Antidepressiva: die Kinder
sterben
Isabella Heuser, 51, Psychiaterin an der
Berliner Charité, über Warnungen, dass bestimmte Antidepressive
Selbstmordtendenzen bei Kindern und Jugendlichen fördern könnten
SPIEGEL: Die US-Arzneimittelbehörde FDA rät davon ab, depressive Kinder
und Jugendliche mit so genannten selektiven Serotonin-Wiederaufnahmehemmern
(SSRI) zu behandeln. Sind diese Mittel so gefährlich?
Heuser: Wir wissen, dass SSRI am Beginn der Behandlung antriebssteigernd wirken können. Erwachsene bekommen
deshalb in den ersten zwei Wochen zusätzlich zu den Antidepressive noch
dämpfende Arzneimittel. Bei den Kindern möchte man das vermeiden, weil man
ihnen diese Mittel nicht noch zusätzlich zumuten will…..
SPIEGEL: …. mit der Folge, dass sie in dieser Phase vermehrt
Selbstmordgedanken in die Tat umsetzen können?
Heuser: Man bewegt sich bei der medikamentösen Therapie von
depressiven Kindern in der Tat auf einem schmaleren Grat als bei Erwachsenen.
Doch auch eine unbehandelte oder nur mit Psychotherapie behandelte schwere
Depression birgt ein hohes Selbstmordrisiko.
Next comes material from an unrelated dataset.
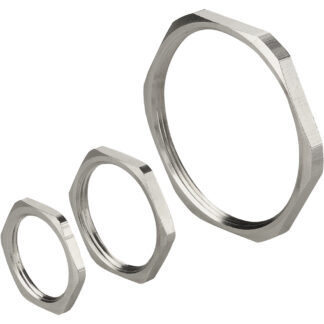 Ghiera Metal Nichelate Filettatura GAS - LEG 386603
SPIEGEL: In Deutschland ist keines dieser Mittel für die Behandlung
depressiver Kinder zugelassen. Warum werden sie dennoch verschrieben?
Heuser: Weil wir sie in verzweifelten Fällen brauchen. Sollen wir die
Kinder sterben lassen?
SPIEGEL: Die Mittel werden also weiter eingesetzt – und das, obwohl
nicht einmal ihre Wirksamkeit in dieser Altersgruppe zuverlässig belegt ist?
Heuser: Wir haben leider nur sehr unzureichende Daten über einen
Nutzen bei Kindern. Das ist ein Riesenproblem, das sich aber nur lösen ließe,
wenn man öfter den Mut hätte, Studien an Kindern und Jugendlichen zuzulassen.
SPIEGEL: Kann sich die Seele Zehnjähriger schon so verdüstern, dass
ihnen nur noch mit Psychopharmaka zu helfen ist?
Heuser: Natürlich kann sie das. Kinder haben die gleichen psychischen
Erkrankungen wie Erwachsene. Nur die Begleiterscheinungen sind anders.